* _Work item_: Your output must be the lines below from the line containing "White House Black" to the line containing "Criminal Case: The", both lines included, reproduced exactly and without pictures.

* _The data_:
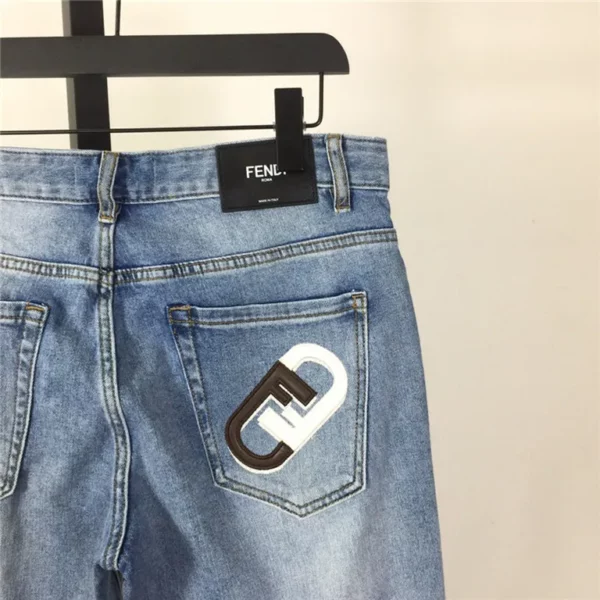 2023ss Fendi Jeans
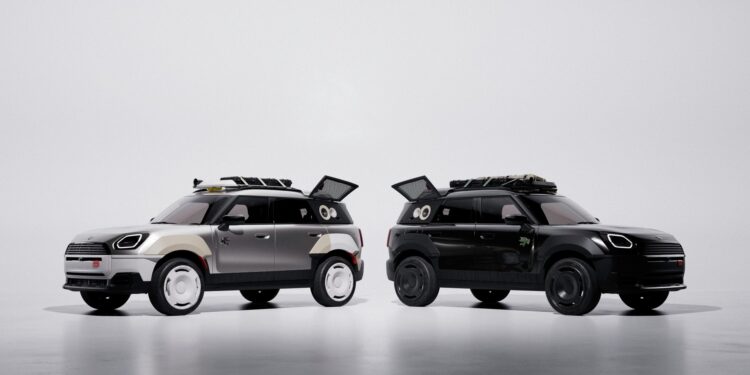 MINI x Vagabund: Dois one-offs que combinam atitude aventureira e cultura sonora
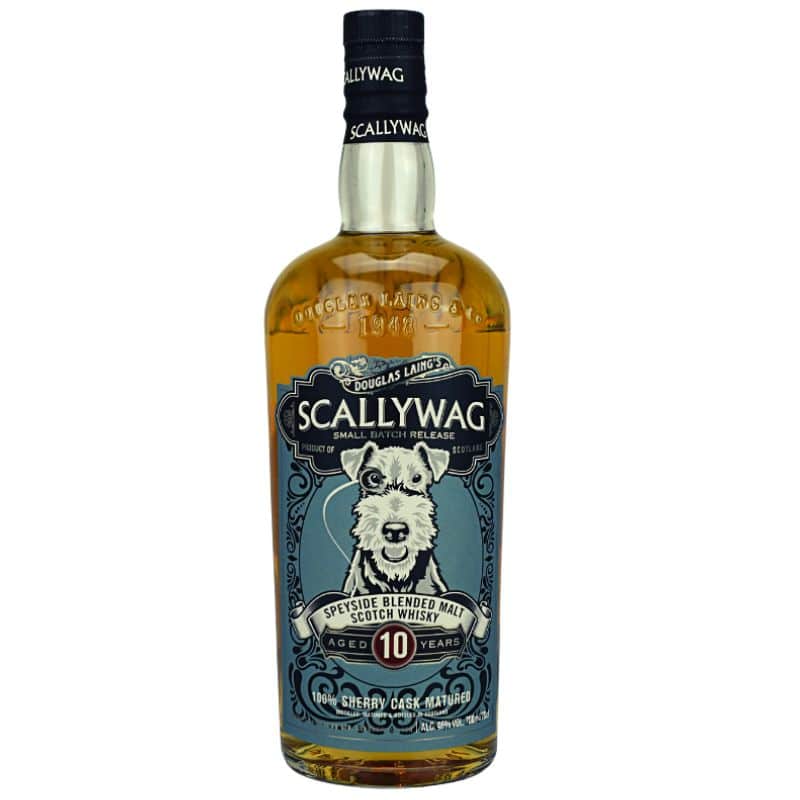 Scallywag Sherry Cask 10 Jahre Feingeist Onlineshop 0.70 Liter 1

--

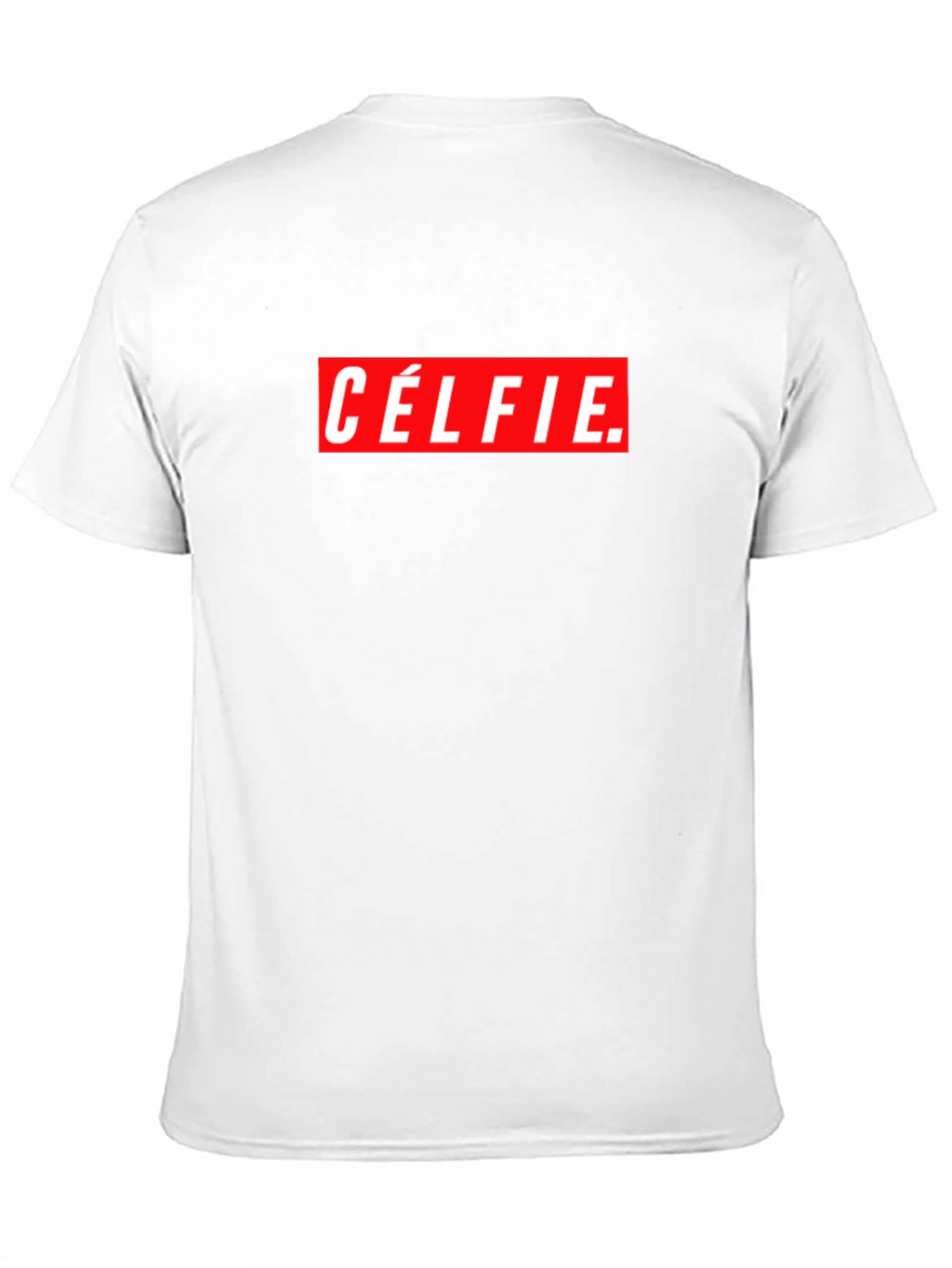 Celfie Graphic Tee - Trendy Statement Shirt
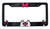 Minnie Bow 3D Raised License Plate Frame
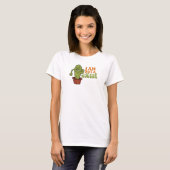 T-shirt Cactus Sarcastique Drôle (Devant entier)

...

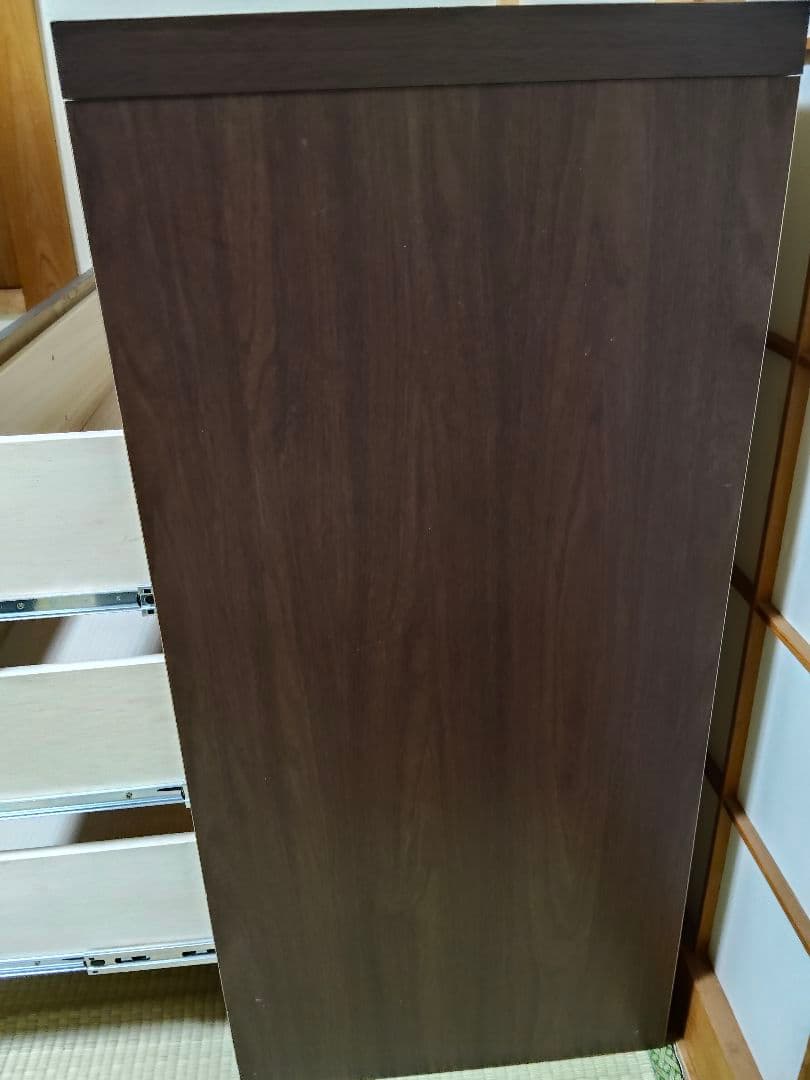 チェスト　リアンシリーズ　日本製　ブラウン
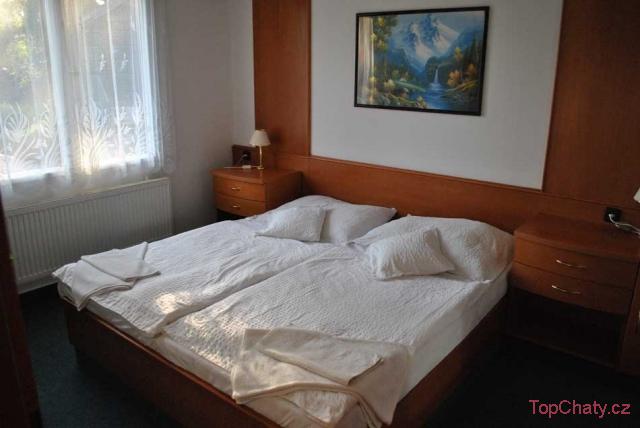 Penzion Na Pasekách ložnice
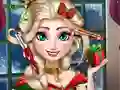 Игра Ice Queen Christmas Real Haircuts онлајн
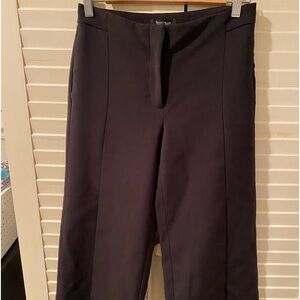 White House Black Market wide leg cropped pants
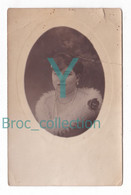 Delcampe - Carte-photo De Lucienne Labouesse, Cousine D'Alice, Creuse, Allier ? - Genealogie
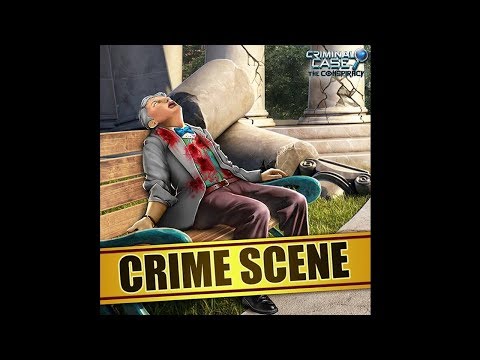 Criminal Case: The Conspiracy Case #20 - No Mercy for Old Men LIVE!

* _Written response_:
 White House Black Market wide leg cropped pants
 Delcampe - Carte-photo De Lucienne Labouesse, Cousine D'Alice, Creuse, Allier ? - Genealogie
 Criminal Case: The Conspiracy Case #20 - No Mercy for Old Men LIVE!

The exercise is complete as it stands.